By Shawn Regan
---- — HAVERHILL — The late Theodore A. Pelosi Jr., Haverhill’s mayor for six years and a city councilor for two decades before that, is the gold standard for city government and local politics, according to city councilors and four former mayors.
The council’s City Hall meeting room was named the Theodore A. Pelosi Jr. City Council Chambers in a ceremony last night attended by friends and family of the late mayor, who died in March 2012 at age 85.
Pelosi, a political icon and lifelong resident who graduated from Haverhill High School in 1944, was a fixture in local government in the 1960s, ’70s, ’80s and ’90s. He was the city’s first Italian-American mayor, the first mayor to serve three consecutive terms and the longest council president in Haverhill’s history.

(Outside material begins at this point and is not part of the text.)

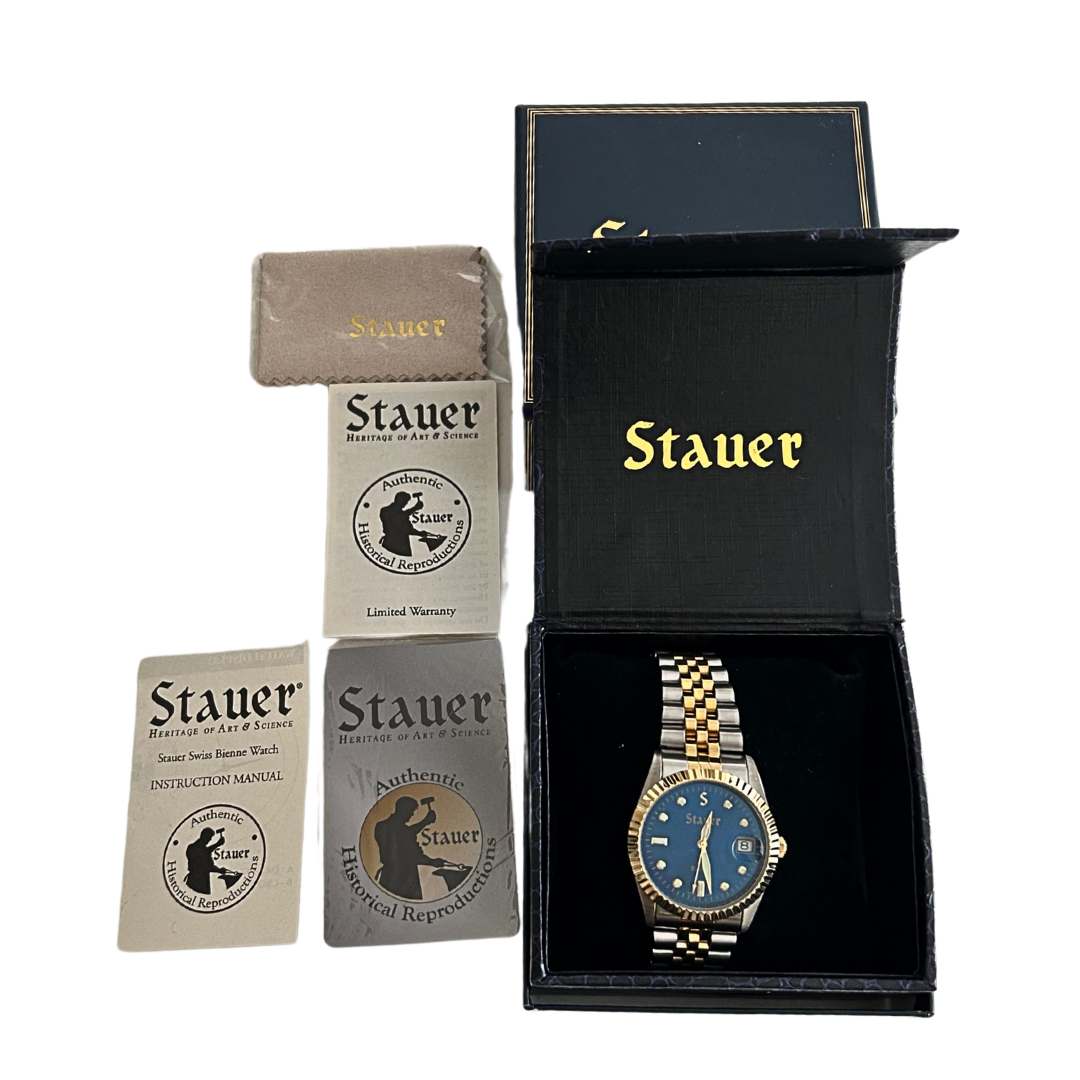 Stauer Bienne Swiss Made 5 ATM Men&#39;s Watch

The council approved Mayor James Fiorentini’s proposal to name its chambers after Pelosi in September, but put off the ceremony until last night.
Fiorentini, most city councilors and four former mayors attended the ceremony, recalling their memories of Pelosi and telling stories about his long political career.

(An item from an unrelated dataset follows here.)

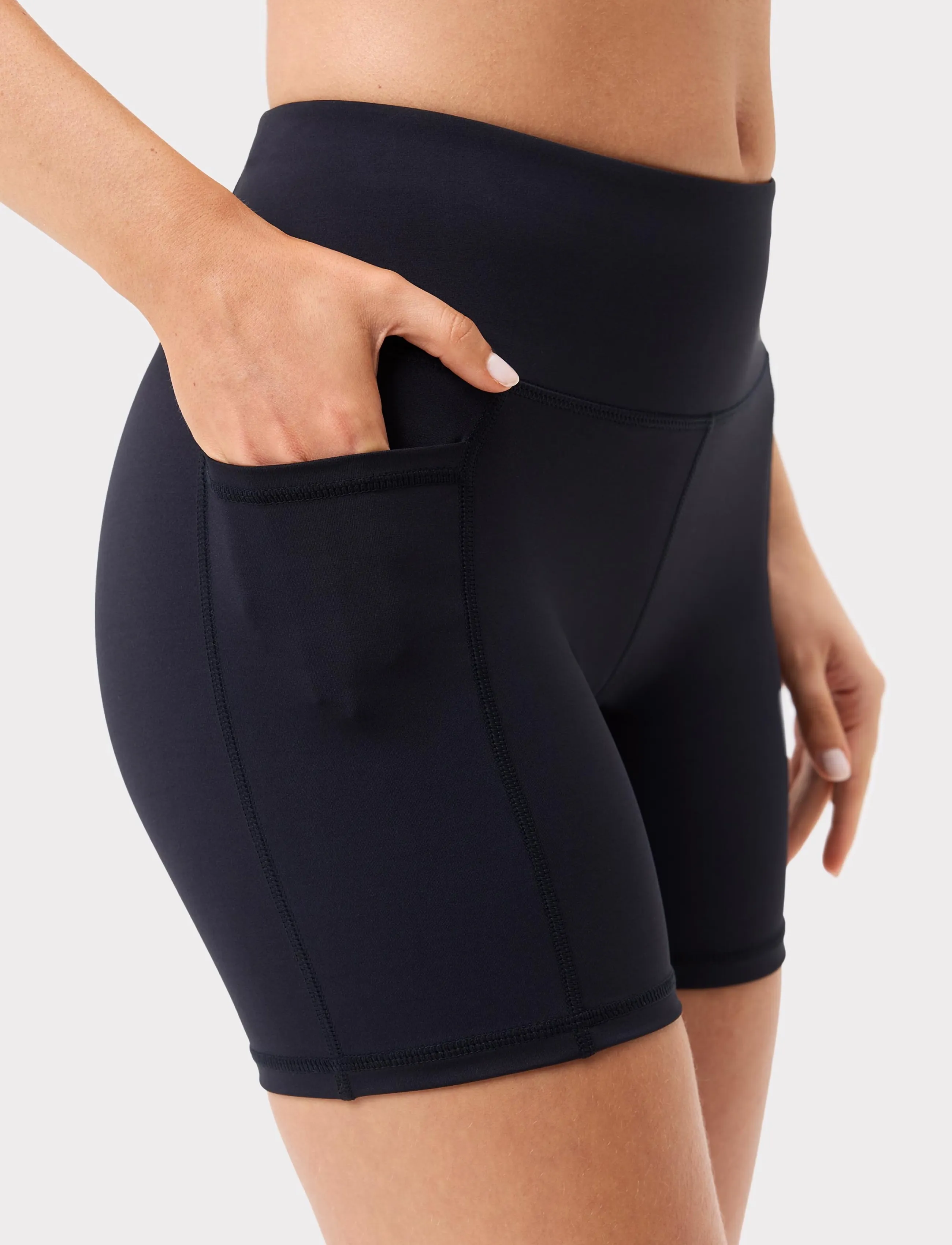 STRONGER - Signature Pocket Contouring Shorts - lühikesed püksid - black - 2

After they spoke, the meeting moved to the hallway outside the chambers where Pelosi’s wife Patricia unveiled a photograph of her husband.
“He spent many years and energy to serve the people of Haverhill and he loved every minute of it,” Patricia Pelosi said of her husband of 60 years. ‘I’m sure he’s looking down on us tonight and smiling.”
Joining Patricia Pelosi were the Pelosis’ daughters Felice and her husband Peter Beil; Claudia and her husband Peter Cuddy; and their son Andrew and his wife Allison. The Pelosis’ other son Francis and his wife Dorothy live in Florida and were unable to make it to last night’s ceremony.
Also attending the ceremony were former Haverhill mayors John Guerin, James Rurak, William Ryan and James Waldron.
“No one ever had the city’s best interest in mind more than Ted Pelosi,” Rurak said.
Ryan said he ran against Pelosi twice, winning once and losing once.
“He was a terrific person and the sharpest dresser,” Ryan said. “Ted was always very involved in the city and his word was his bond. If he told you he was on your side, you could count on him. But his first obligation was always to the people and the city. He was wicked friendly, but he was no political slouch either.”
Guerin and veteran councilors Robert Scatamacchia, William Macek and John Michitson said they grew up listening to Pelosi and that he inspired them to run for elected office.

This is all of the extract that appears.